= Pete Palmer =

American baseball statistician and sportswriter

Pete Palmer (born January 30, 1938) is an American sports statistician and encyclopedia editor. He is a major contributor to the applied mathematical field referred to as sabermetrics. Along with the Bill James Baseball Abstracts, Palmer's book The Hidden Game of Baseball is often referred to as providing the foundation upon which the field of sabermetrics was built.

==Baseball work==
Palmer grew up in Wellesley, Massachusetts, where he was a fan of the Boston Red Sox and a collector of baseball cards.

Palmer graduated from Yale University in 1960 with A. Bartlett Giamatti. He began working for the Raytheon Corporation as a computer programmer and Radar engineer tasked with monitoring for Soviet intrusions along the Distant Early Warning Line. It was during his time at Raytheon that he began working with baseball statistics. At night, after his co-workers had left for the day, Palmer used the company's cutting-edge computers to run advanced simulations analyzing historical baseball statistics.

In 1982, he gained notoriety when he recognized a scorekeeper's error which counted a 1910 Detroit Tigers box score twice, crediting Ty Cobb with an extra two hits and three at-bats. That year Cobb was declared the batting champion, despite an unsuccessful effort by the St. Louis Browns to help Cleveland Naps star Nap Lajoie overtake Cobb. If the double-counted game were to be removed Cobb's average would finish second to Lajoie, though Major League Baseball still lists Cobb as the batting average leader. Palmer also innovated the linear weights method of estimating a player's offensive contributions, an invention that will likely be his lasting legacy. Palmer, with help from Dick Cramer, invented OPS (on-base plus slugging) in 1978, which now is universally accepted as a measure of batting ability.

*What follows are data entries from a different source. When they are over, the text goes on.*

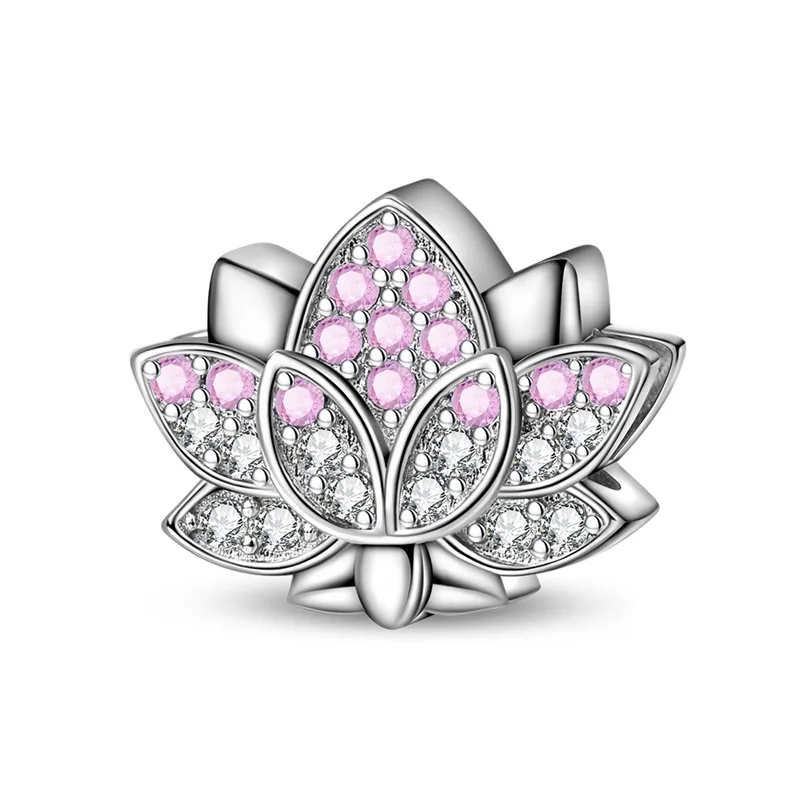 

Новые подвески-шармы из стерлингового серебра 925 пробы с розовыми и белыми цветами лотоса для женщин, подходят для оригинальных браслетов, украшения своими руками, подарки.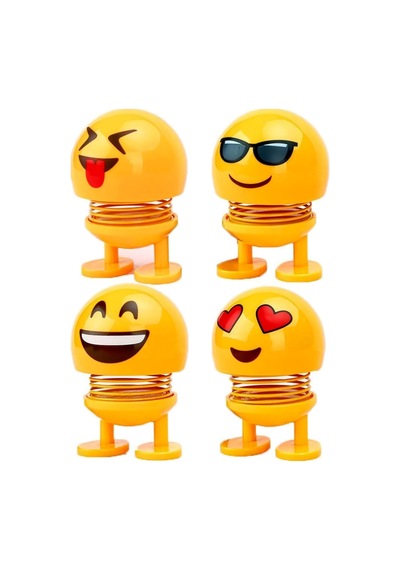 Emoji Smile Zıp Zıp Kafalar Mini Gülen Yüzler Araç Torpido & Masaüstü Süsü 6'lı Oyuncak Seti
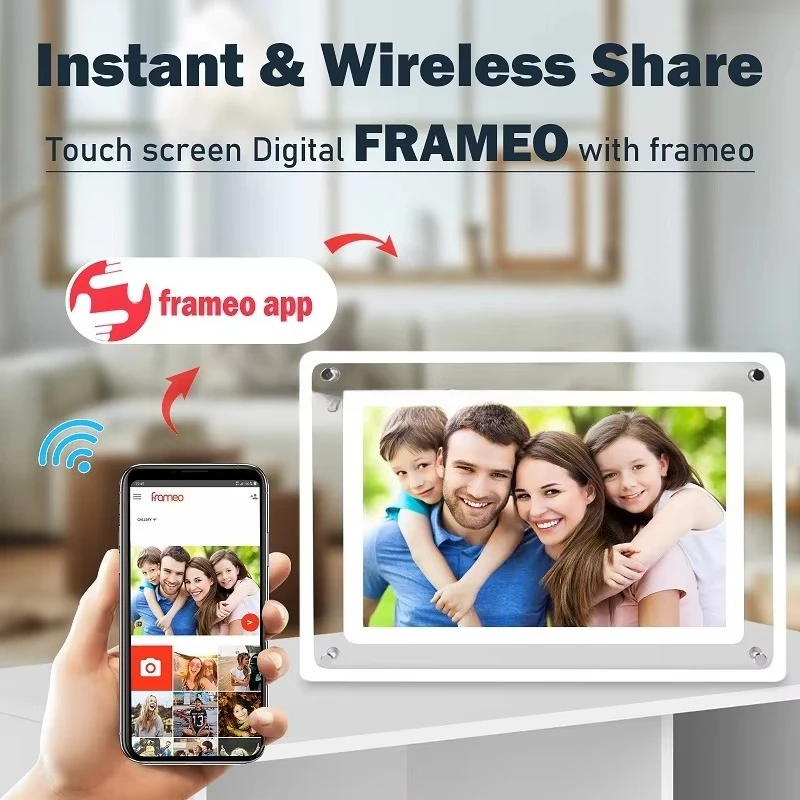 10.1-Inch Wi-Fi Digital Picture Frame Auto-Rotate IPS Touchscreen 32GB Storage Frameo App Supports AVI Video Playback Clock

Palmer met John Thorn at a 1981 SABR convention. Many of Palmer's early works were written in partnership with Thorn, including The Hidden Game of Baseball and Total Baseball; the latter book also featured, in later editions, the contributions of editor Michael Gershman. Palmer edited or served as a consultant for many of the sports reference books produced by Total Sports Publishing. Palmer's most recent work has been in collaboration with Gary Gillette. Since 2003, the pair has produced five editions of the ESPN Baseball Encyclopedia, and several other baseball annuals. In 2010 he was named a charter member of the Henry Chadwick Society by SABR and also received a lifetime achievement award from them in 2018.

==Football work==
Palmer has also played a significant role in the field of football statistics. In the seventies, he served as editor for several editions of the A.S. Barnes football encyclopedia. In 1973, he joined the stat crew of the New England Patriots, compiling the official statistics for the team's home games. Palmer continued this task through the 2016 season.

In 1988, Palmer published The Hidden Game of Football, with co-authors Thorn and Bob Carroll. The book was updated and re-released in 1998 and is still considered the seminal work on football analysis. He was also co-editor (with Gillette, Sean Lahman, et al.) of the ESPN Pro Football Encyclopedia.

==Personal life==
Palmer is married to his wife Beth, together they have three children. Emily, the oldest, Stephen, the youngest, and Daniel. They reside in Hollis, New Hampshire.